Pausing When You Fall Asleep, Better Keyboard Among Ideas Created for Netflix at Its Hacking Day Contest

Netflix recently hosted an internal 24-hour Hack Day, in which company developers experimented with crazy or unique ideas that wouldn't normally get researched or tried by a team.

There were some great creations, which I'll talk about below, the best of which is a hack that uses fitness app FitBit to determine whether you've fallen asleep while watching a movie on Netflix, and pauses the streaming video where it is so you don't miss out and lose your spot.

How it works, shown in the video below, is by collecting data from a running Fitbit app on the user's person, likely monitoring motion (I'm not sure how it differentiates from someone who just isn't move a muscle, hopefully it's good at it!) and communicates with Netflix to pause the video. The stream will fade out video and audio and leave a prompt.

The next day, you can open Netflix back up to what you were watching, and there is an option to continue where you fell asleep. Pretty cool, and maybe we'll see this make it into the real Netflix programming.

Some other great ideas that Netflix shared on its Youtube page included a new keyboard called Radial, which is a circular design that is much easier to type with when using a controller, if you watch Netflix on your console.
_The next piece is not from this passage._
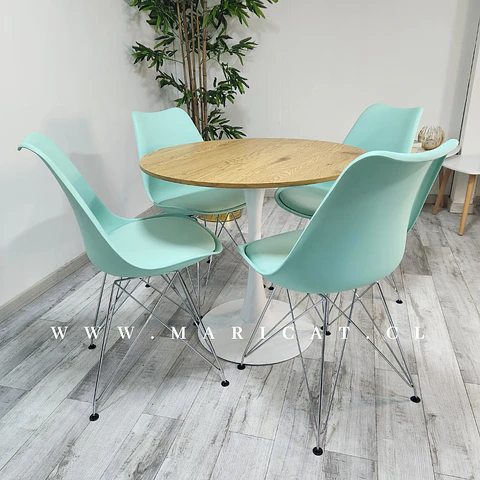 Comedor Redondo Melamina 4 Sillas Tulip – Mesa 80cm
You can flick in a direction or rotate through the letters with the control stick rather than scrolling past a bunch of letters to get to the one you need.

I'm sort of shocked the rows and columns layout used on computers is still the standard on consoles and with remotes, as it's incredibly inefficient and tedious. The Radial design reminds me of the Daisywheel layout Valve developed for Steam's Big Picture mode for typing with controllers and both make much more sense than the standard layout.
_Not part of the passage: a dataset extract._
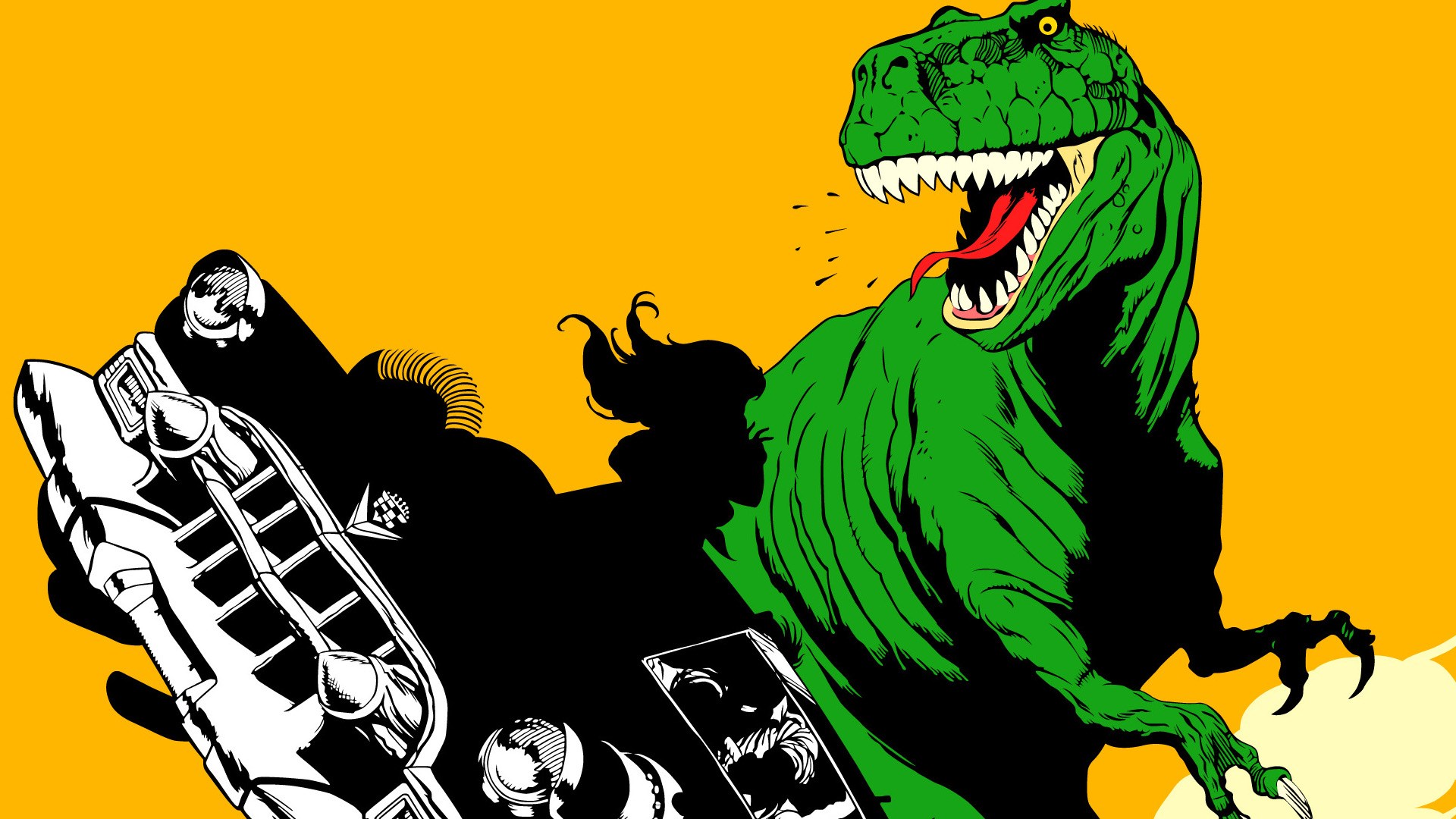 Green Tyrannosaurus Rex attacking a classic car HD Wallpaper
Other inventions include Playlists, a design for multiple playlists rather than one large queue and Netflix Beam, which lets your friends temporarily use your account on their devices if they're at your house, and automatically logs them out when they're done.

None of these are promised, or even planned, by Netflix to become part of the program, but were merely ideas developers created. It stands to reason, though, if Netflix likes the idea behind any of them enough, they could make it into the official application one day.